Monday, February 20, 2006

Finishing the job?


How likely is a US invasion of Iran? Here are some thoughts Dave Brownz put on indymedia in reponse to an article by Stan Goff, followed by a couple of my comments:

No-one expects the US to 'invade' Iran. But what about bombing nuclear plants? I don't think Goff's case is convincing. Goff makes the case that the invasion of Iraq has been counter-productive for the US, and that it will end in military defeat. And that an invasion of Iran would be an even bigger mistake. Goff seems to be adopting a fairly standard Marxist view of the US economy as weak, subject of crises of falling profits, and driven to expansion (primitive accumulation of booty) to boost its profits.

Against this, he estimates that the cost of Iraq has been counterprodutive since the amount of booty to boost profits (oil, and prospective oil from the region and central Asia) has been more than offset by the costly drain on profits. But this cost benefit analysis does not go into sufficient detail and is a bit shortsighted in my opinion. Let's look at Vietnam. The conventional wisdom coming out of Vietnam was that the US had lost the war, militarily certainly, politically maybe, but economically in the long run Vietnam was pretty much smashed and the US has now gone back into Vietnam to recolonise it. That's why the radical Chomsky says that the US won the war.The long-run benefits for US imperialism of invading Iraq can't be checked off against short term costs.

The US set a precedent for 'preventive war' and got UN backing (i.e. its imperialist rivals buckled and came on board).
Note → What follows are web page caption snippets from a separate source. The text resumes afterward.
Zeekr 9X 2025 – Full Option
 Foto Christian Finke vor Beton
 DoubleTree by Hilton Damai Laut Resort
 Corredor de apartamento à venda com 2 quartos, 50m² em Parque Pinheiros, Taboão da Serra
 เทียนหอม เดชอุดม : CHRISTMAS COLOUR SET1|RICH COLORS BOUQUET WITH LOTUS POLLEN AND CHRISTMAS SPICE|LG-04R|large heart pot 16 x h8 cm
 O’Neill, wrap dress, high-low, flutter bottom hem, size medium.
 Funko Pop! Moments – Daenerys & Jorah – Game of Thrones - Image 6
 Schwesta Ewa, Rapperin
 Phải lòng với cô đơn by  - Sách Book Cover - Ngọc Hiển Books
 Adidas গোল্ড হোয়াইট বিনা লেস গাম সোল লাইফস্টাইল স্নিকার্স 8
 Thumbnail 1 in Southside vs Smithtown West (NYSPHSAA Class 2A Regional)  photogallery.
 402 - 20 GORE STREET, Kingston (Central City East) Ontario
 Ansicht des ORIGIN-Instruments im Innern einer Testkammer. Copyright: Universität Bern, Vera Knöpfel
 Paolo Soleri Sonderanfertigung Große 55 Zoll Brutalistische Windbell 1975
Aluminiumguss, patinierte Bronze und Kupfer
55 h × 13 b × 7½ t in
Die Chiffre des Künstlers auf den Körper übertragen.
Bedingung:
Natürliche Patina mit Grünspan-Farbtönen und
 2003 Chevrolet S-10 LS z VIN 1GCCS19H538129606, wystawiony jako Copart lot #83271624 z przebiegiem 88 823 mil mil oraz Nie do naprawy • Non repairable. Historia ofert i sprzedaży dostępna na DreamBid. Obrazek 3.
It outbid the EU in the middle east oil stakes and re-asserted the world money role of the dollar against the Euro. The 'demonstration effect' that Goff likes to point to was obvious in the threats to any former client state trying to do a Saddam and buck US hegemony. The US can do an Israel any day, and target an air strike on any country in the region as it did weeks ago in Pakistan, its ally. The Middle East masses understand this when they see Israel as the model for the US invasion. What's more the US and its subdued imperialist rivals (see how Chirac sucks up to the US) have all launched domestic attacks on their working class in the name of anti-terror laws. This means that any resistance to the cost of the war on terror being imposed on workers in these countries can be supressed in the name of counter-terrorism.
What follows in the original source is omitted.